Conditional Computation

Conditional Computation refers to a class of algorithms in which each input sample uses a different part of the model, such that on average the compute, latency or power (depending on our objective) is reduced. To quote Bengio et. al

"Conditional computation refers to activating only some of the units in a network, in an input-dependent fashion. For example, if we think we’re looking at a car, we only need to compute the activations of the vehicle detecting units, not of all features that a network could possible compute. The immediate effect of activating fewer units is that propagating information through the network will be faster, both at training as well as at test time. However, one needs to be able to decide in an intelligent fashion which units to turn on and off, depending on the input data.
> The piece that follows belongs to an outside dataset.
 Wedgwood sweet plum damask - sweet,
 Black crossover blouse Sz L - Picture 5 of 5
This is typically achieved with some form of gating structure, learned in parallel with the original network."

As usual, there are several approaches to implement Conditional Computation:

  • Sun et. al use several expert CNN, each trained on a different task, and combine them to one large network.
  • Zheng et. al use cascading, an idea which may be familiar to you from Viola-Jones face detection.
  • Theodorakopoulos et. al add small layers that learn which filters to use per input sample, and then enforce that during inference (LKAM module).
  • Ioannou et. al introduce Conditional Networks: that "can be thought of as: i) decision trees augmented with data transformation operators, or ii) CNNs, with block-diagonal sparse weight matrices, and explicit data routing functions"
  • Bolukbasi et. al "learn a system to adaptively choose the components of a deep network to be evaluated for each example. By allowing examples correctly classified using early layers of the system to exit, we avoid the computational time associated with full evaluation of the network. We extend this to learn a network selection system that adaptively selects the network to be evaluated for each example."

Conditional Computation is especially useful for real-time, latency-sensitive applicative.
In Distiller we currently have implemented a variant of Early Exit.
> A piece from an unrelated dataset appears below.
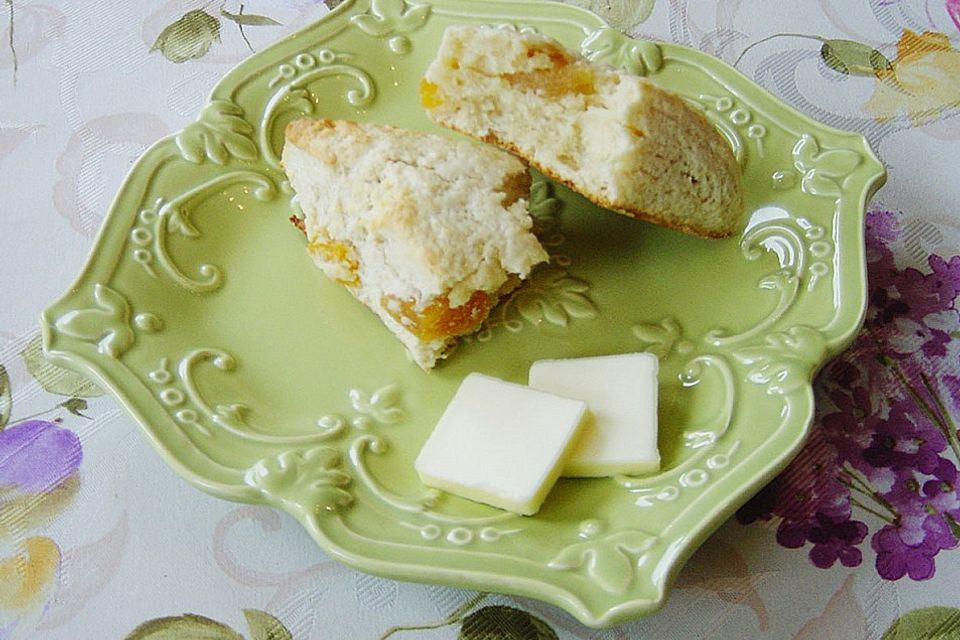 Scones mit Aprikosen und Frischkäse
Emmanuel Bengio, Pierre-Luc Bacon, Joelle Pineau, Doina Precup. Conditional Deep Learning for Energy-Efficient and Enhanced Pattern Recognition, arXiv:1511.06297v2, 2016.

Y. Sun, X.Wang, and X. Tang. Deep Convolutional Network Cascade for Facial Point Detection. In Proc. IEEE Conf. Computer Vision and Pattern Recognition (CVPR), 2014

X. Zheng, W.Ouyang, and X.Wang. Multi-Stage Contextual Deep Learning for Pedestrian Detection. In Proc. IEEE Intl Conf. on Computer Vision (ICCV), 2014.

I. Theodorakopoulos, V. Pothos, D. Kastaniotis and N. Fragoulis1. Parsimonious Inference on Convolutional Neural Networks: Learning and applying on-line kernel activation rules. Irida Labs S.A, January 2017

Tolga Bolukbasi, Joseph Wang, Ofer Dekel, Venkatesh Saligrama Adaptive Neural Networks for Efficient Inference. Proceedings of the 34th International Conference on Machine Learning, PMLR 70:527-536, 2017.

Yani Ioannou, Duncan Robertson, Darko Zikic, Peter Kontschieder, Jamie Shotton, Matthew Brown, Antonio Criminisi. Decision Forests, Convolutional Networks and the Models in-Between, arXiv:1511.06297v2, 2016.